Source: Cold Spring Harbor Laboratory, Dolan DNA Learning Center
Using several animated sequences, this interactive activity adapted from the Dolan DNA Learning Center demonstrates the principle of dominance, which is fundamental to modern genetics. By crossing two pea plants, each pure-bred for a given trait like pea color, we learn why only the dominant trait—in this case, yellow pea color—appears in any and all offspring. We also learn why some offspring in subsequent generations exhibit the recessive trait—green—even though this may not have been apparent in the previous generation.

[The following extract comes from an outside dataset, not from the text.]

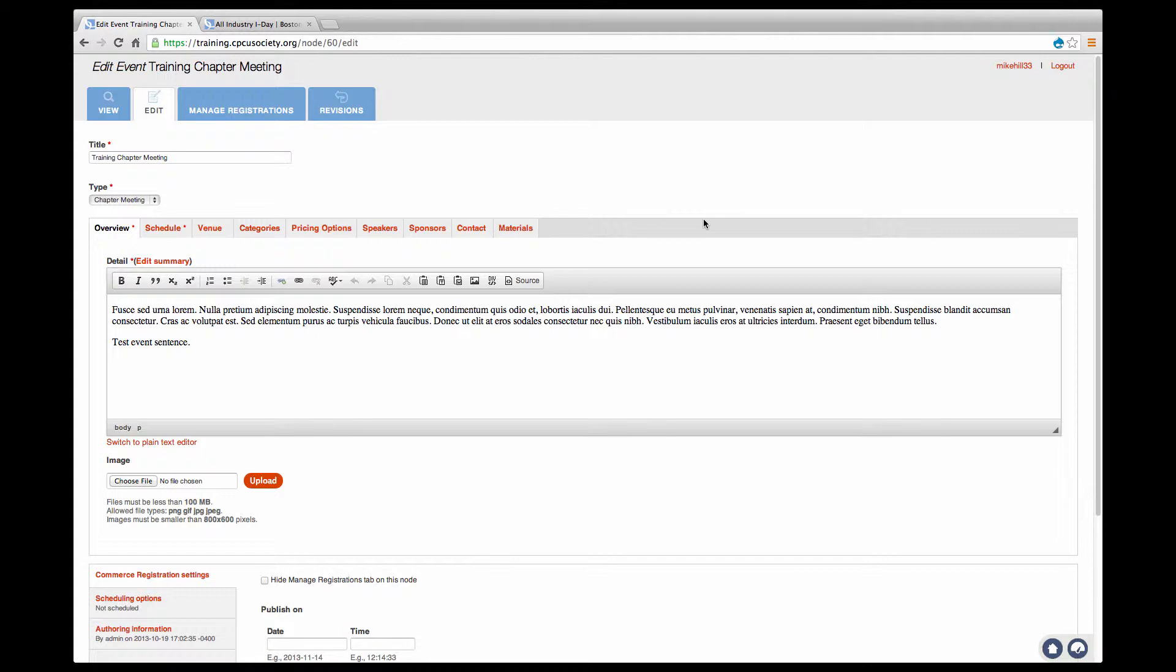You'll notice a series of tabs across your screen. These are the full list of event attributes you can choose to publish. While not all your events will require this much information, it is always available for any event.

Over the course of eight years, beginning in 1856, an amateur scientist and Augustinian monk named Gregor Mendel crossed, or mated, common pea plants he grew in his garden. He crossed long-stemmed plants with short-stemmed plants, plants that bore round peas with those that bore wrinkled ones, and plants with purple flowers with those with white flowers. By crossing subsequent generations of offspring, he was able to observe just what happened to certain physical traits over time.
Even though Mendel's work went largely unnoticed in his lifetime, he introduced the seminal idea that traits are determined by paired units that he called "factors," now called "genes." He also proposed three principles that are fundamental to modern genetics. The first is the principle of dominance.
Mendel observed that crossing parent plants—one with green peas, the other with yellow—produced offspring that were always either green or yellow, and not a blend, which is what the scientific community at the time contended should happen. He also found that traits appeared with a predictable 3-to-1 frequency. Mendel called the more common trait "dominant" and the less common one "recessive."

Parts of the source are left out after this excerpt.